静寂が支配する《幻界の核》。四人の霊使いたちは、互いの姿を確かめ合いながら、歪んだ空間の中心に佇む“それ”を見つめていた。
四人の前に立ちはだかるのは、彼女たちの恐怖、悲しみ、怒り、そして後悔――それらすべてが融合して生まれた、巨大な“心の檻”の化身だった。
四人はすでに、憑依装着の姿となっていた。契約精霊とのつながりが明確な形となって現れた状態。だが、その力を手にしたばかりの彼女たちは、まだ完全には使いこなせてはいなかった。
「……来るよ!」
ヒータが叫ぶと同時に、“心の檻”の化身が咆哮を上げ、四人へと襲いかかってきた。
アウスが魔力障壁を張り、ウィンが風の奔流で牽制し、エリアが水の刃で足止めを図り、ヒータが火の閃光で反撃する――それぞれが連携しながらも、攻撃の精度や魔力の出力は不安定だった。

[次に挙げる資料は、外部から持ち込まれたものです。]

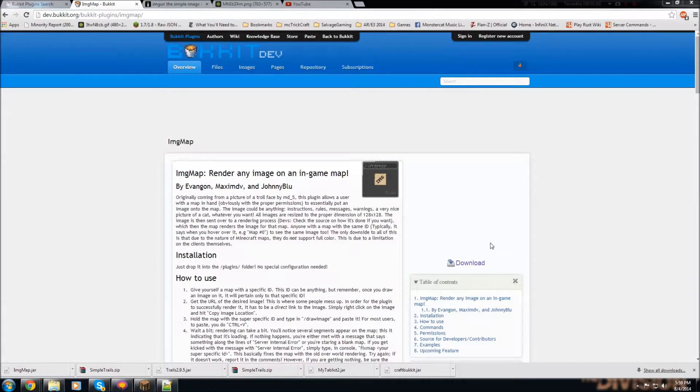Okay what's up guys, Turin here. And today I'm going to be showing you how to use and install a plugin called Image Map, and it will allow you to render an image in-game on an in-game map in Minecraft.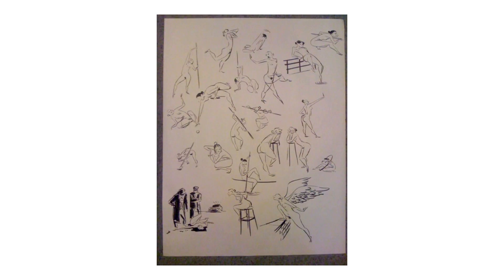This first page is from 30-second poses, driven primarily by the line-of-action exercise.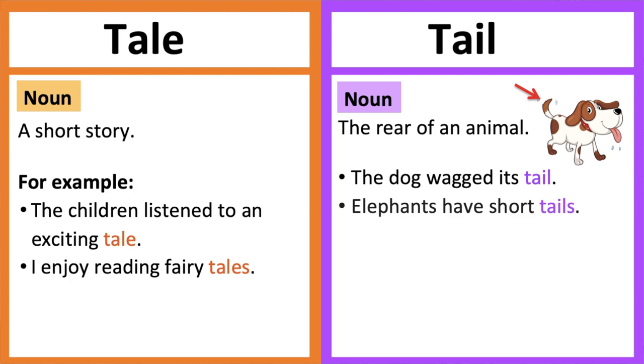For example, the dog wagged its tail. Elephants have short tails.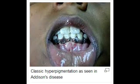What are the classic clinical presentations seen with Addison's disease? The classic clinical presentation of Addison's disease is skin hyperpigmentation, hypotension, and fatigue.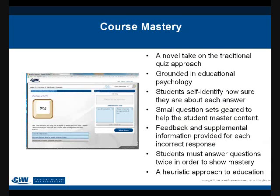Course Mastery is one of our brand new flagship products that has received a lot of really positive response. It's a novel take on the quiz approach — I call it the old drill-and-kill on steroids. It asks questions, because one of the best ways to learn is by looking at questions. But there's a unique twist: once you respond to a question, it asks you for your confidence level — whether you're very sure, partially sure, or not sure at all.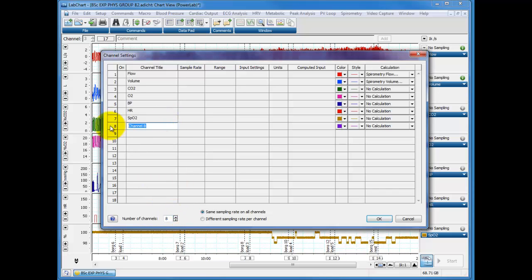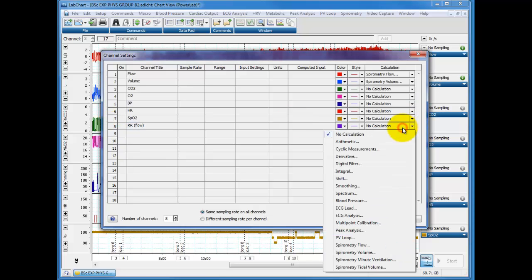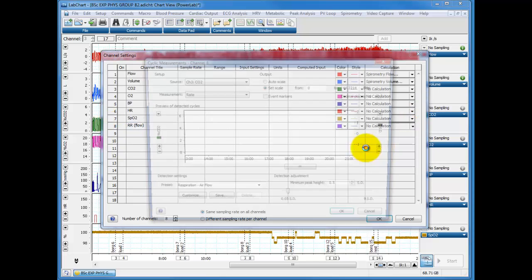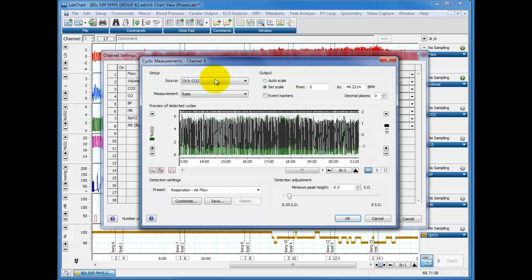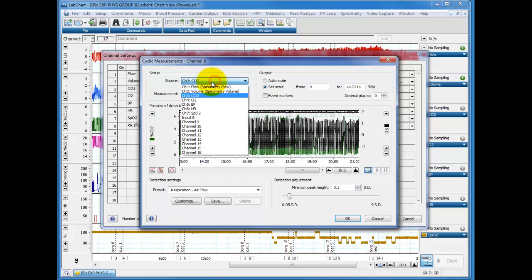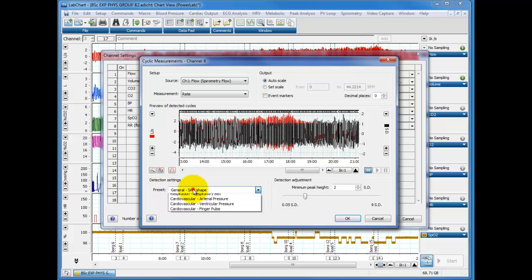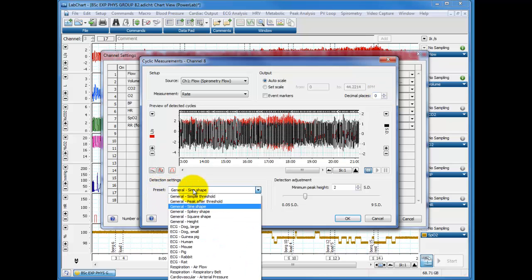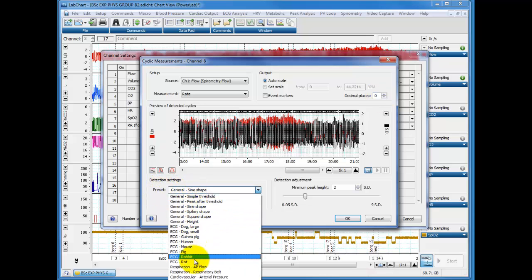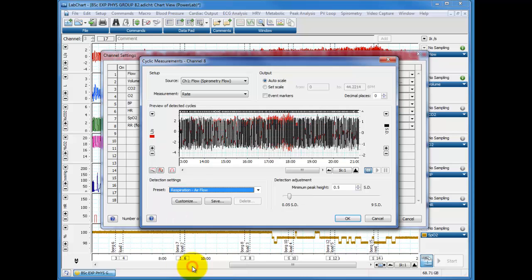And we'll call this one respiratory rate, RR, and this is derived from the flow. We click on the no calculation button and choose cyclic measurements and we choose flow as our source. Measurement is rate. Let's leave decimal places at zero. By default it will be four, but I've got my machine set up here so the default is zero.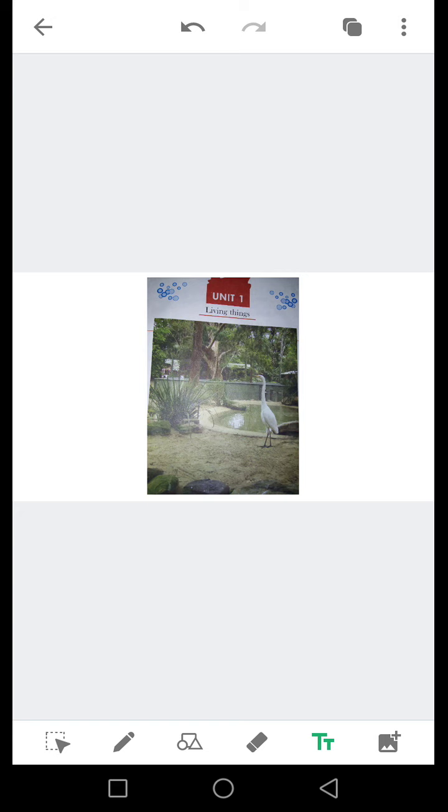Today's topic is unit number one: Living Things.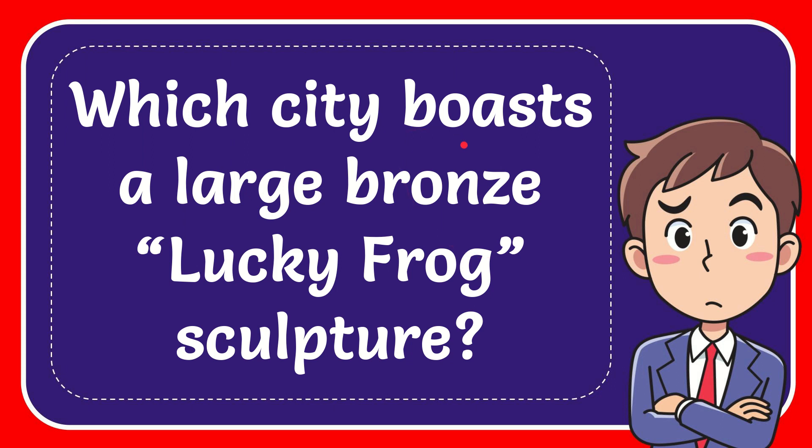In this video, I'm going to give you the answer to this question: Which city boasts a large bronze lucky frog sculpture?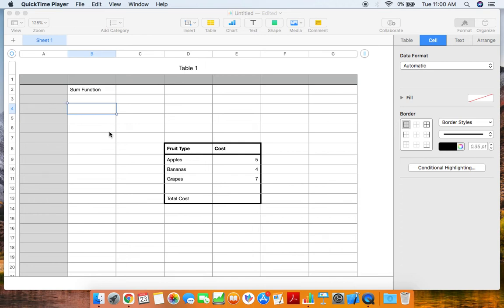Hello everyone, this is Derek with Git Techie. Today we're going to go over the sum function within Numbers, which is Apple's version of Excel for Mac.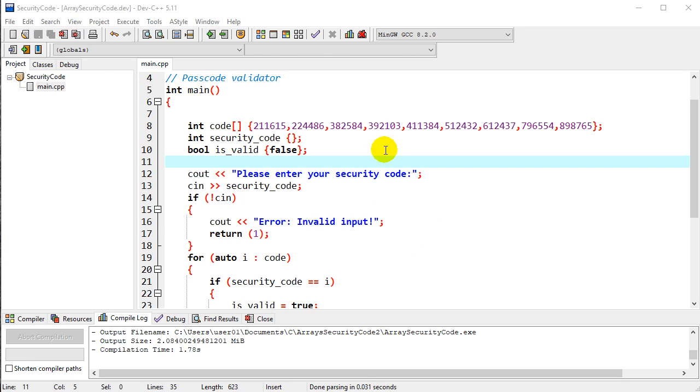So just a couple of new interesting features about arrays that might make your coding a little bit more efficient. Hopefully that helps you out and gives you a few more tools in your programming tool belt.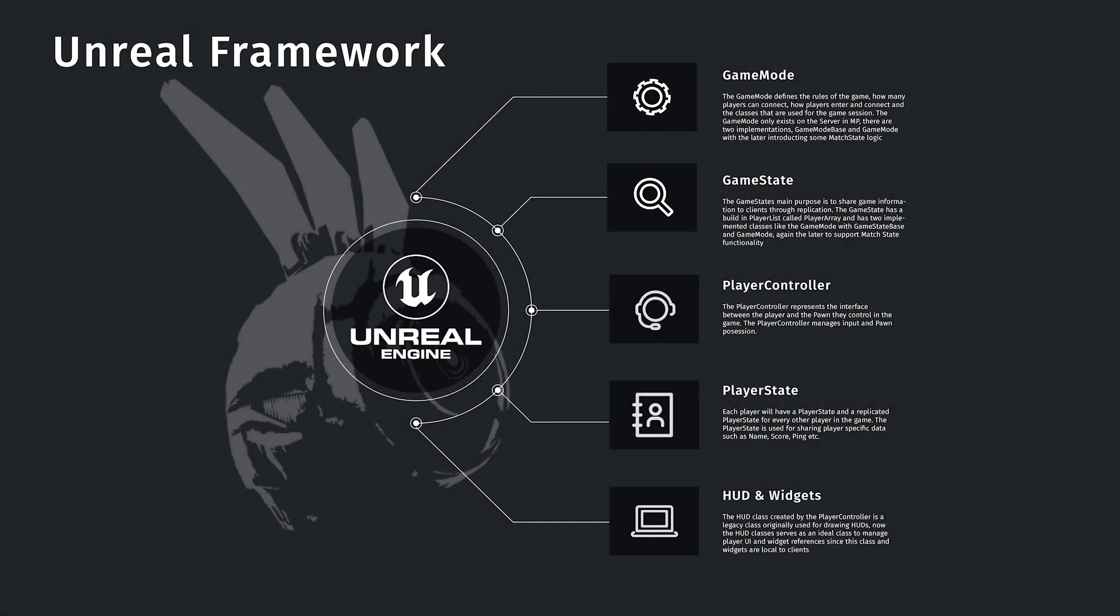The player controller is probably one of the most unique classes in the Unreal Engine Framework. It represents the interface between the player and the pawn that they've possessed or are controlling, and it serves as the gateway to the server for the client. So in order to do an RPC, you need to be the owner of what you're trying to RPC through. The client is the owner of its own player controller.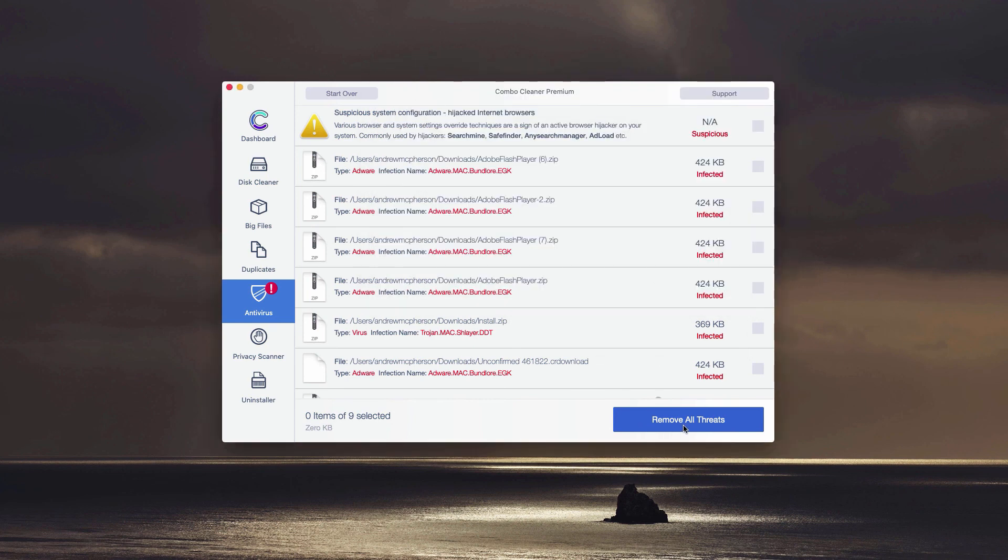Or you may click on Remove all threads button. However, in this case, the premium version will be required.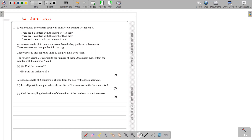I'll move on to question number 7 in the June 2022 S3 paper. A bag contains 10 counters, each with exactly one number written on it. There are 6 counters with the number 7 on them, 3 counters with the number 8 on them, and one counter with the number 9 on it.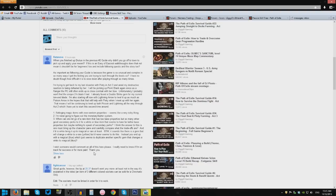Basically, each comment on someone else's video is like a Facebook post on your own wall. On Facebook, people can't really comment on your Facebook posts unless they're friends with you, and it's kind of the same with Google Plus — except you can enable anyone to comment on your comments. You just have to go into the options and change it.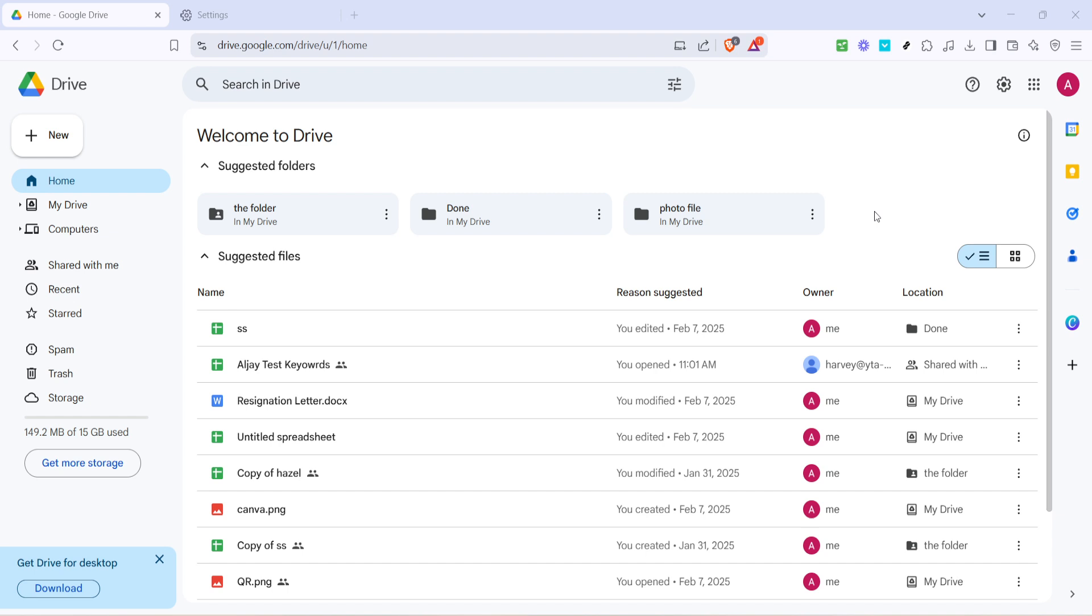First things first, you need to head over to your Google Drive homepage. This is essentially your starting point where we're going to make all the magic happen. If you're not already logged in, please take a moment to do so. Once you're on the homepage you'll have access to all your files and folders.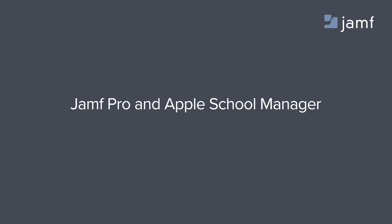The Casper Suite integration with Apple School Manager gives schools an automated and simplified way to manage all of their Mac and iOS device deployments.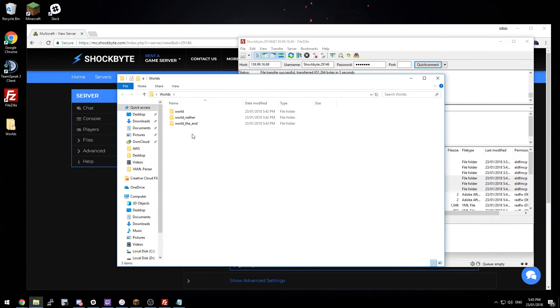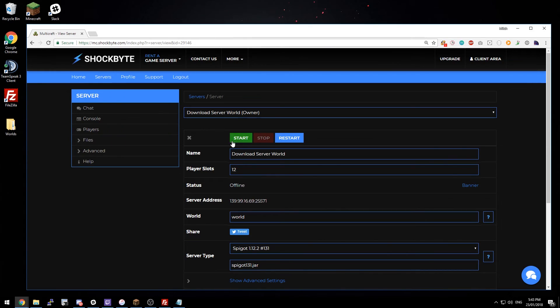Now that we've got a copy of these worlds, they can be used in single player, on a different server, or just as a backup. And now you can just start your server back up and continue as normal.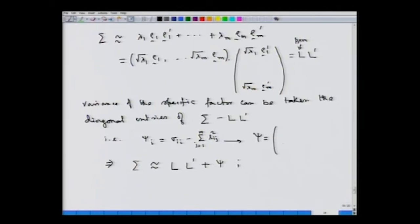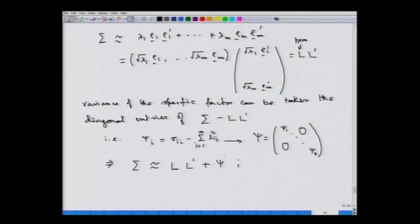In this approximation, note that the diagonal entries of sigma exactly match with the diagonal entries of LL-dash plus psi, because psi is taken as the diagonal entries of sigma minus LL-dash. The off-diagonal entries of sigma and LL-dash plus psi will differ. We will use this concept in order to estimate L and the corresponding psi matrix from the data.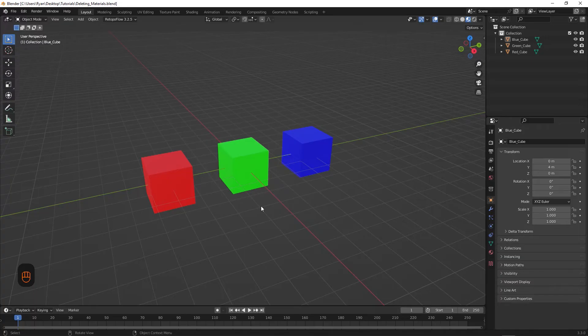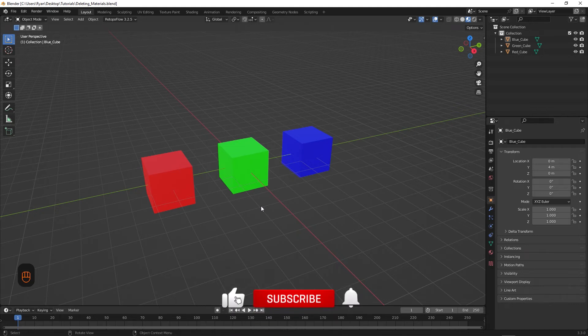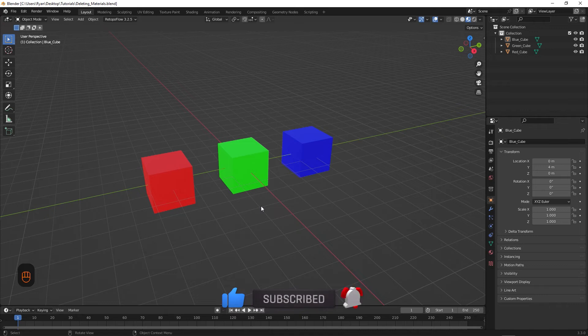And that's probably the case for you. So let's head on over to Blender and I'll show you a very quick way to permanently delete materials. So I'm in Blender and I have this scene here with three cubes. However, after looking at the scene, I've decided to change two cubes to blue. So I'll do that now.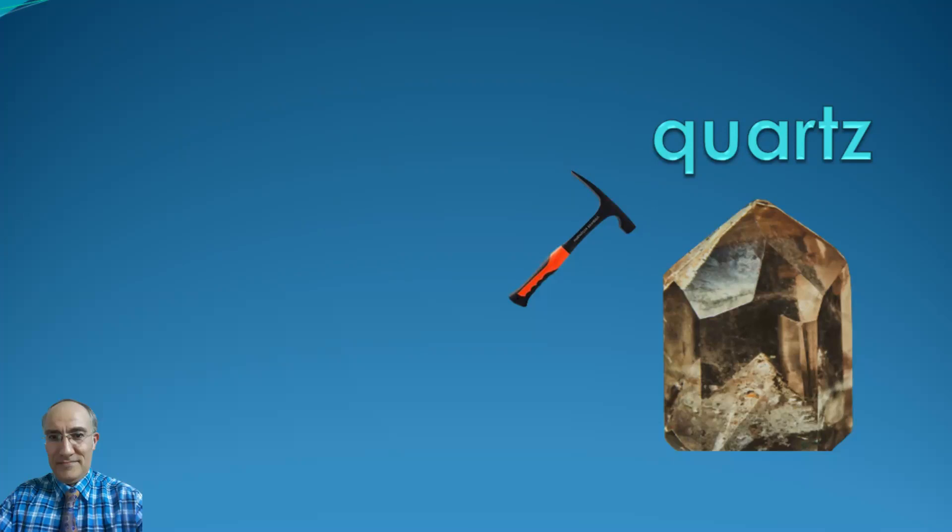Quartz. The formula of quartz is silicon dioxide and it contains 47% silicon and 53% oxygen in pure form.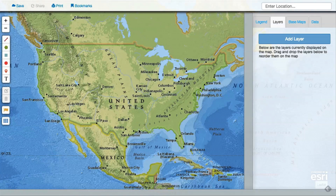With the Mapmaker Interactive, you can enable a feature to see the latitude and longitude of any place on Earth. Enable this feature by clicking on the grid icon on the left side of the map.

融合した力の奔流に、彼女たちの魔力が押し負けていく。
「やっぱり……中途半端じゃ、この力……」
エリアが眉を寄せる。
「そんなことないよ!」
すぐさまウィンが声を上げた。
「私たちは、ここまで来た! ちゃんと向き合った! だから、この力は……きっと、応えてくれる!」
“心の檻”の化身が再び攻撃を仕掛けてくる。その刃が彼女たちの心を試すかのように襲いかかる中、四人の思考が交錯する。
――なぜ私はここにいるのか。
――なぜ戦うのか。
――誰かのために、何を信じるのか。
アウスは震える指を見つめ、ぎゅっと拳を握った。
「私は、逃げない。知識や理論に閉じこもるんじゃない……今は、仲間とともに、前に進む」
その瞬間、彼女の魔力が脈動し、デーモン・イーターの力が呼応するように流れを変える。大地の鎧が安定し、力がアウスの体に馴染んでいく。
「私の力、受け取って!」
アウスの重厚な魔弾が、“檻”の外殻を穿つ。
一方、ヒータは己の炎が暴走気味であることに焦っていた。
「もっと……もっと強くなれって、思ってた。でも、違う……私、ちゃんと向き合ってなかった。信じてなかった」
彼女の周囲の空気が澄み、炎が制御を取り戻す。稲荷火が静かにうねりながら、ヒータの背を押すように熱を灯す。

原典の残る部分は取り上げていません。